SAN FRANCISCO — The earthquake that has hit Uber in the past few weeks has taken down another executive.
Jeff Jones, a former Target chief marketing officer who joined the ride-hailing company last August, abruptly announced Sunday that he was stepping down as president.
Uber issued a brief statement thanking Jones for "his six months at the company."
A memo from Uber CEO Travis Kalanick to his staff suggested that the news took top management by surprise, and that Jones left partly because he was not under consideration for the new chief operating officer role.
"After we announced our intention to hire a COO, Jeff came to the tough decision that he doesn’t see his future at Uber," Kalanick wrote. "It is unfortunate that this was announced through the press."
Jones' departure was first noted earlier on Sunday in Recode. That report included a Jones statement putting the blame on the turmoil facing Uber, which range from an ex-employee's experiences with an allegedly sexist work environment to a lawsuit brought by Alphabet-owned Waymo over self-driving car technology.
The uproar has caused Kalanick to apologize to his staff, admit he needs to "grow up" as a leader, and announce he would look for a number two.
In recent weeks, two other high profile Uber execs have departed: Ed Baker, who was vice president of product and growth, and Amit Singhal, senior vice president of engineering. Singhal was asked to step down because he did not disclose that he had been the focus of a sexual discrimination investigation at his former company, Google.
Jones told Recode that it was "now clear that the beliefs and approach to leadership that have guided my career are inconsistent with what I saw and experienced at Uber, and I can no longer continue as president of the ride-sharing business."
Kalanick was not without a few good words about Jones' short stint, praising the former retailer's efforts at making the company more focused on its drivers.
That very constituency reacted angrily Sunday, upset not so much by Jones' news but at what some of them see as Uber's second-class treatment of its global army of drivers.
"It's frustrating that the sole executive charged with being driver-obsessed has left the company without making a single improvement to help drivers struggling to make a living," said Ryan Price in a statement. Price is executive director of the Independent Drivers Guild, which represents and advocates for 50,000 ride-hail drivers in New York City.
"If Uber truly cares about 'growing up' and listening to drivers, they should start by adding a tipping option," he wrote. "That's the number one request from drivers."
Rival ride-hailing company Lyft, which does give riders the option to tip, has expanded its nationwide presence by a third to 300 cities since the beginning of the year.
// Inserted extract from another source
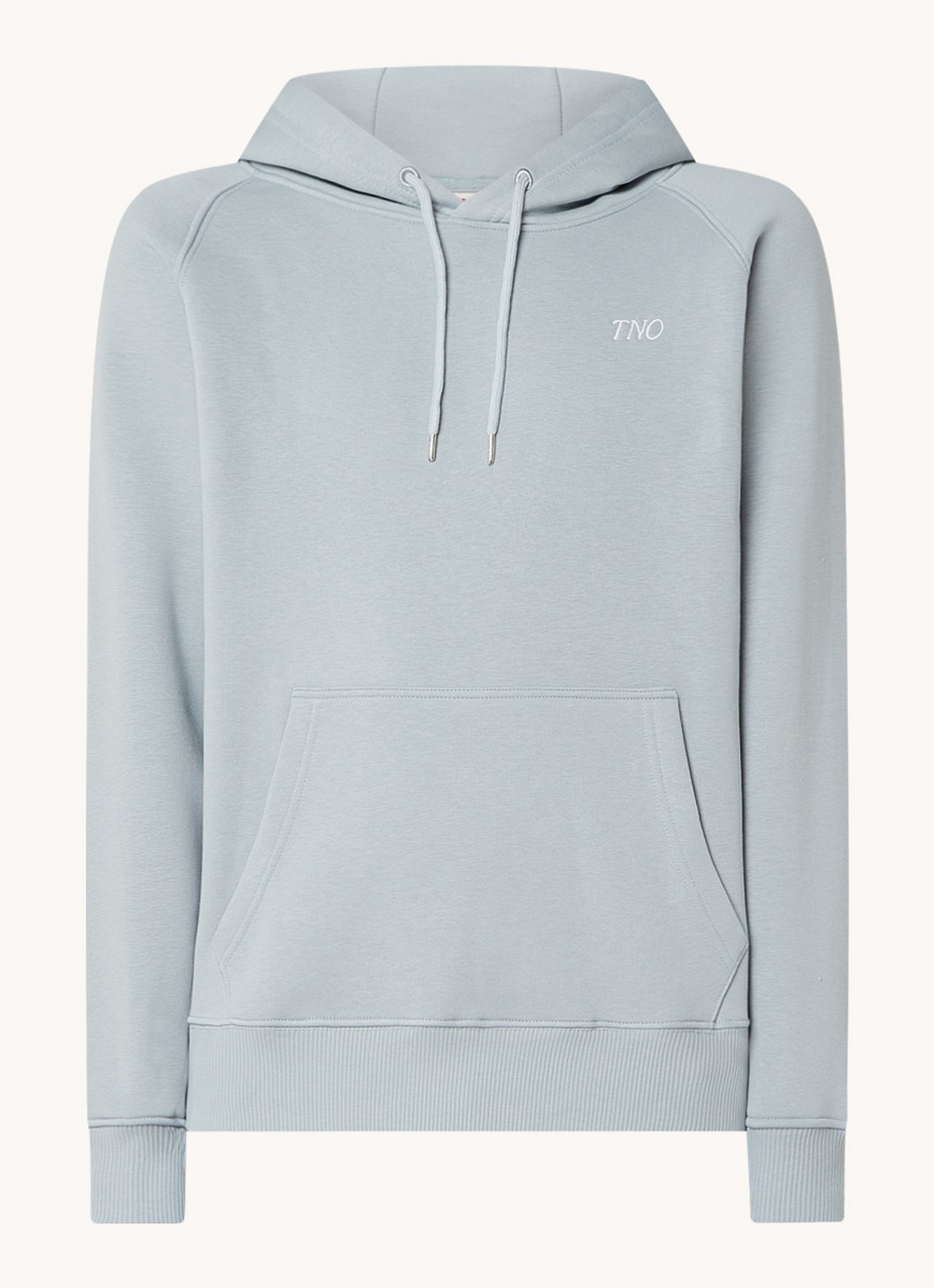 The New Originals Hoodie met logo- en backprint - voorkant 2 blauwgrijs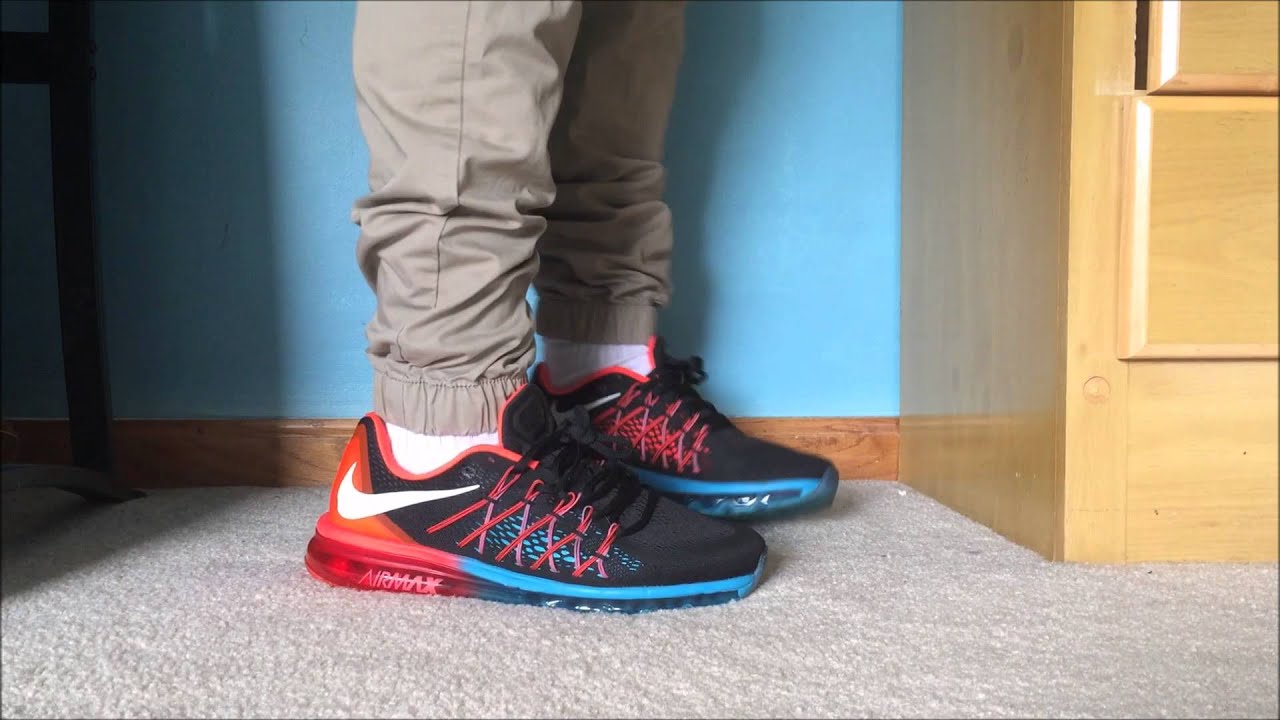 Nike Air Max 2015 - Black White Bright Crimson Blue Lagoon On feet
In late January, Uber was hit was a social media campaign called #DeleteUber after the company was perceived as not being in sync with those protesting President Trump's first Muslim travel ban.
But by far the biggest scandal to hit the company — which includes a 2014 ad campaign in France that touted its attractive female drivers — surfaced in late February when former engineer Susan Fowler wrote a blog post accusing the company of ignoring her complaints about a sexist boss because he was considered a valued employee.
That bombshell led to reportedly emotional in-house meetings in which Kalanick admitted the company needed to change its culture. He brought in Uber adviser and former U.S. attorney general Eric Holder to conduct an internal investigation and began his hunt for a COO.
Uber is among the fastest-growing tech startups in history, launching in 2009 as a way to order idle black town cars and over the next eight years evolving into a global transportation company worth $68 billion.
But that rapid ascent has been marked by controversy. Defined by Kalanick's hard-charging style, the company grew in part by flouting municipal regulations, angering taxi cab associations and frustrating many drivers who are not considered employees.
Kalanick has in the past noted that the company would radically improve its business prospects if it got rid of drivers. Since then, Uber has raced into self-driving car research and, last August, paid $670 million for a months-old self-driving truck startup called Otto.
Last month, Waymo, the name of Google's 7-year-old self driving car division, sued Uber, alleging that Otto's sensor technology was stolen by former Google employee Anthony Levandowski shortly before Levandowski left to found Otto.
Uber has called that charge "baseless," and last week suggested that the patent infringement dispute be resolved not in court but by binding arbitration because that's what Levandowski's contract with Google required in the event of a dispute.